Towards the end of every year, it’s customary for newspapers, magazines and TV channels to provide their readers with analyses of what happened in the year that has gone by and provide predictions for the year to come. However, at least in the field of investments, the last two years should have been enough to cure anyone of the need to read predictions and the tendency to believe in them. When 2008 was beginning, many pundits expected a somewhat dull year, but none, absolutely none, had any inkling of the kind of nightmare it would turn out to be.
A year later, we had swung to the other extreme. Predictions for 2009 were generally pessimistic. The most common idea was that, while the worst was over on the investment markets, recovery would be slow and difficult. As it turned out, both points were wrong. The worst was not over for investments — the low point came in March. And certainly, the recovery of equity assets has been anything, but slow.
So, what does the year to come hold?
At this point, there is absolutely no ground for any euphoria. Fund investors have seen value of their investments climb up to a point that is much higher than the low, but not quite the previous high. For investors, who had rushed large chunks of money into hot funds of the day back in late 2007, a good amount of losses still remain. Compared to December, 2009, a good 60-odd of 220 diversified equity mutual funds are still down by more than a quarter of their value. Some of these had stocks in their portfolios that were so far off the mark, that they have recovered very little of the value they lost and there can’t be much hope of investors ever recouping the vanished money.

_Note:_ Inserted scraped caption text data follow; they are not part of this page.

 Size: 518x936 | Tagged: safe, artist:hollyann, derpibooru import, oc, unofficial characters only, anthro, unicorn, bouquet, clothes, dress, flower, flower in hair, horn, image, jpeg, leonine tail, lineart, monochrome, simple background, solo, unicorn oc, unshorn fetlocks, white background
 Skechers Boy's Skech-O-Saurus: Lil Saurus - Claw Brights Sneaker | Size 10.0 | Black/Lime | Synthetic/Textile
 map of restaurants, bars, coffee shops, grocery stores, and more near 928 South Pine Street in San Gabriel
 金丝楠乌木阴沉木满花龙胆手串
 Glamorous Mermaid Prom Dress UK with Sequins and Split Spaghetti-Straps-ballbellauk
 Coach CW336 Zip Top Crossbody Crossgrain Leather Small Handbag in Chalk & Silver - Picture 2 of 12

Clearly, the rapid recovery of value that happened towards the middle of the year has now mellowed. Till this point, the recovery of equity values has been driven largely by the realisation that things were not as bad as feared and by the huge amount of liquidity sloshing around the globe, much of it the result of governments running their printing presses overtime.
In India, we’ve seen corporate results recover on refilling of inventory and on cutting of costs. I firmly believe that the real test is yet to come. Everything depends on how the economy does from here on.
Also, in a certain sense, the more vocal parts of the investing community has entered the same psychological zone that it was in during much of 2007. There is this enormous tendency to believe all the good news and discount all the bad news. So, when I say that everything depends on how the economy does, what is most likely to happen is that there won’t be any clear signals for extended periods of time, but given excess liquidity, it will be easy to talk equity prices up during these phases. This will be interspersed by bouts of panic as we saw briefly during the Dubai crisis earlier.
For mutual fund investors, it will be best to focus on making stable investments in large-cap funds and avoid getting carried away by either the euphoria, or the panic.